Local restaurants are feeling the pinch from soaring food and fuel prices and an increase in the minimum wage.
Restaurant owners, though, are reluctant to pass on those increased costs to their customers by hiking menu prices.
“Right now, we’re just trying to suck it up,” said Ralph Brown, operations manager for Conway’s Red Top restaurants.
Conway’s increased menu prices twice in 2007, Brown said. Go any higher, he said, and there’s worry customers will steer clear.
“We’re at almost $10 for a cheeseburger, fries and drink and people are saying, ‘Hey, I’m not going to pay this much.’”
Restaurants leery of raising menu prices, though, must find other ways to cope with the largest increase in food prices since 1990. Prices soared in several categories last year. Milk prices climbed nearly 20 percent and egg prices more than 30 percent. Wheat prices reached a record high in December.
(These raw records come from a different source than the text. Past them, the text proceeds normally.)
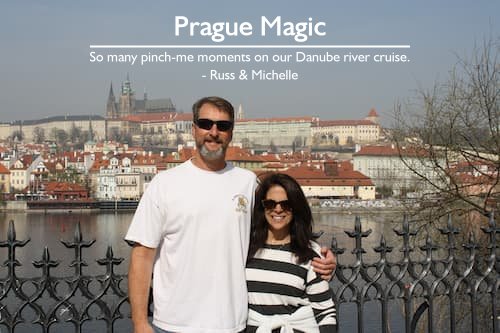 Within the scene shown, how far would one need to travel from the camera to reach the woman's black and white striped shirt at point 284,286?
164cm

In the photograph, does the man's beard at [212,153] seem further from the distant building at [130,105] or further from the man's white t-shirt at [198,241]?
the distant building at [130,105]

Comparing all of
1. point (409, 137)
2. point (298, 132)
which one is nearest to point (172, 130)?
point (298, 132)

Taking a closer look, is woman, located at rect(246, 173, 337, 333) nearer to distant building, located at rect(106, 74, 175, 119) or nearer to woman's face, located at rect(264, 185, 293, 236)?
woman's face, located at rect(264, 185, 293, 236)

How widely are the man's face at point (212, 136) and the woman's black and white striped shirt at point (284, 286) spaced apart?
244 mm

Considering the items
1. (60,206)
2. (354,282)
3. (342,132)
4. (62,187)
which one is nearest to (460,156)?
(354,282)

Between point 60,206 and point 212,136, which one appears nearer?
point 212,136

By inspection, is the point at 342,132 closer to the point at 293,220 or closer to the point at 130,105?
the point at 130,105

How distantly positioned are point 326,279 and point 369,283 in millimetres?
536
“We’ve seen a huge increase in tomato prices, which really affects Jose’s since we give away complimentary salsa to guests,” said Luke Travins, managing partner of Concept Restaurants, whose downtown restaurants include Jose Muldoon’s and Ritz Grill.
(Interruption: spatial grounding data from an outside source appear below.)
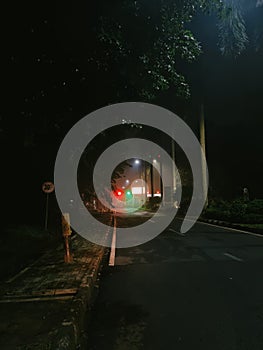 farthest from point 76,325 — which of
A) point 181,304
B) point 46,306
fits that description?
point 181,304

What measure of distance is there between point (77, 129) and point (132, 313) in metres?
10.1

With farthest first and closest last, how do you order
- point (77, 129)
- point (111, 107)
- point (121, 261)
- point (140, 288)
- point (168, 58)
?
point (77, 129) < point (111, 107) < point (121, 261) < point (168, 58) < point (140, 288)

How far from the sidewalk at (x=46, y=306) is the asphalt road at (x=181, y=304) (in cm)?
33

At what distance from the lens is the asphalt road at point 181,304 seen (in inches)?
173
For Conway’s Red Top restaurants, a key concern is the rising cost of corn oil.
“We’re spending about $425 more a week just on oil,” Brown said.
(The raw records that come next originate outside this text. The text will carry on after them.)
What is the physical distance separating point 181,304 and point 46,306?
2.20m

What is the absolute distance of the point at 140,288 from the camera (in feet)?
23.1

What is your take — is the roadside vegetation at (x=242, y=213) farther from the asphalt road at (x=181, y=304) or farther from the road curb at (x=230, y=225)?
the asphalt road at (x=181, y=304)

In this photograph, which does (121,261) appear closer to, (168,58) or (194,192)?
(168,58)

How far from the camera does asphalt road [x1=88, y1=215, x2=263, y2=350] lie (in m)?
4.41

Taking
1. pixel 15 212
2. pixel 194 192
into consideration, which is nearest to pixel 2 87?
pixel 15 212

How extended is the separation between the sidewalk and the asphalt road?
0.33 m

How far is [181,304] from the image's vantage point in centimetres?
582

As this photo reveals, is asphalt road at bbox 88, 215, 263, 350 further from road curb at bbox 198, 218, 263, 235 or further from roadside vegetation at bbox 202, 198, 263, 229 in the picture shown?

Another worry is fuel prices, said Steve Kanatzar, owner of Solo’s Restaurant and president of the Pikes Peak chapter of the Colorado Restaurant Association. Crude oil prices recently climbed to a record $100 a barrel.
“When fuel goes up, everything that we buy goes up,” Kanatzar said.
Despite those pressures, restaurant owner Randall Price said he has no plans to raise menu prices. Consumers already are feeling strapped as they face higher prices at the gas pump, said Price, owner of Sonterra Grill, Slayton’s Barbecue & Creamery and two Salsa Brava Fresh Mexican Grills. “It’s not like they’ve got more to spend,” he said.
Travins is also committed to holding the line — for now at least.
“I think now would be a very difficult time to significantly raise prices to cover these increases,” he said.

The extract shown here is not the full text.